Entry into a Material Definitive Agreement



Item 1.01. Entry into a Material Definitive Agreement.
On January 25, 2012 Options Media Group Holdings, Inc. (the "Company") entered into an Agreement and Plan of Merger (the "Merger Agreement") with Illume Software, Inc., a Delaware corporation ("Illume") and I Acq Corp., a newly formed Delaware corporation which is a wholly owned subsidiary of the Company ("Merger Sub"), for the acquisition of Illume by the Company. Pursuant to the terms of the Merger Agreement, Merger Sub will merge with and into Illume and Illume will become a wholly owned subsidiary of the Company (the "Merger") and the former securityholders of Illume will receive in exchange for their security holdings in a combination of Illume Series I Preferred Stock (which shall be automatically convertible into shares of the Company's Common Stock upon the filing of Articles of Amendment to the Articles of Incorporation of the Company increasing the number of authorized Common Stock of the Company); Warrants to Purchase shares of the Company's Common Stock, and Stock Rights to acquire additional shares of the Company's Common Stock without the payment of any additional consideration upon the issuance by the Company of Common Stock upon the exercise, exchange or conversion of currently outstanding derivative securities.

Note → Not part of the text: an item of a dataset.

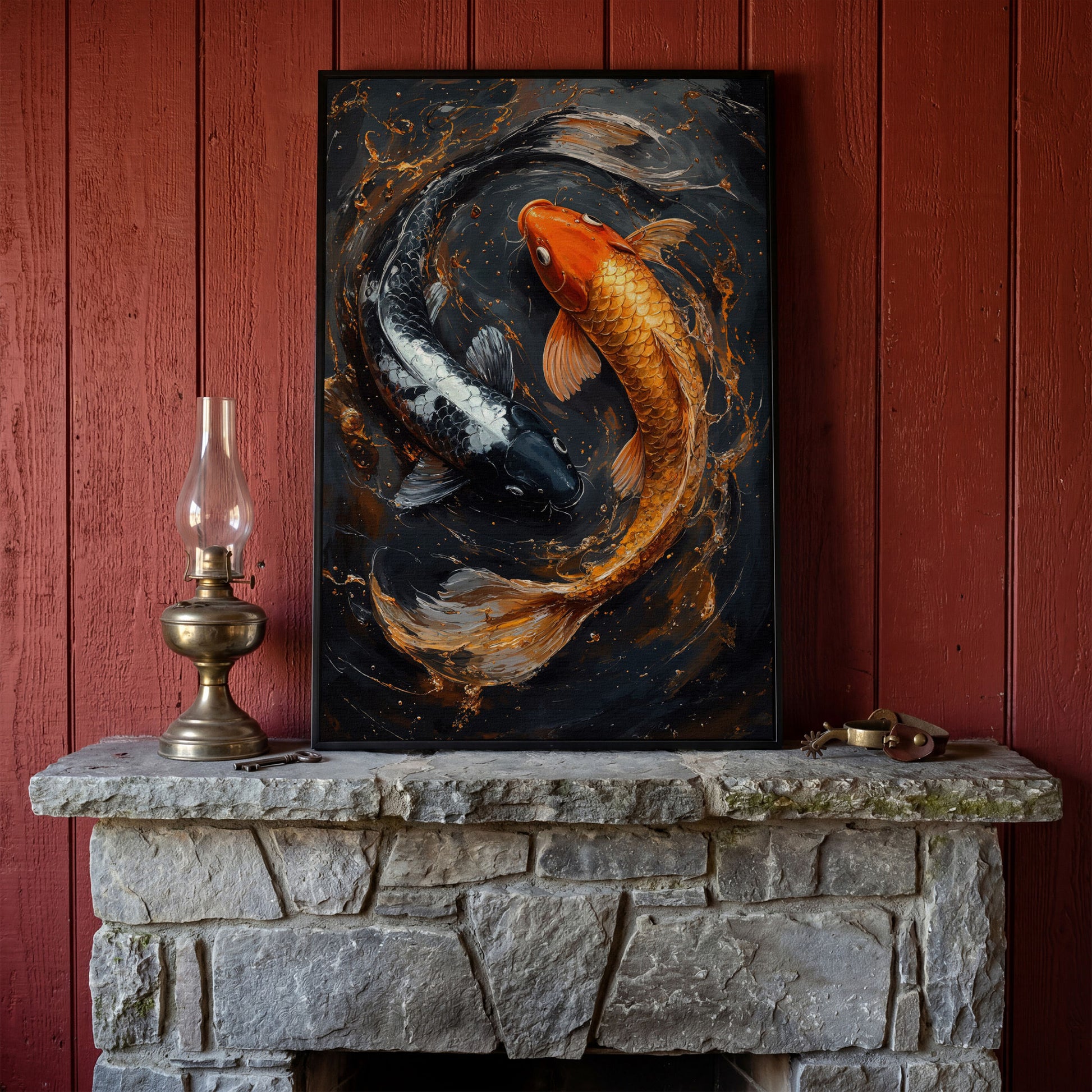 Koi Fish Canvas in Zen Yin Yang Design in black floating frame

The Company and Illume have made various representations and warranties and agreed to specified covenants in the Merger Agreement, including covenants relating to their conduct of business between the date of the Merger Agreement and the closing of the Merger. The Merger Agreement contains certain termination rights of Illume and the Company, including the right of either party to terminate if the Merger shall not have been consummated by February 12, 2012.

The Company's Board of Directors has approved the Merger Agreement.

The consummation of the Merger is subject to customary closing conditions.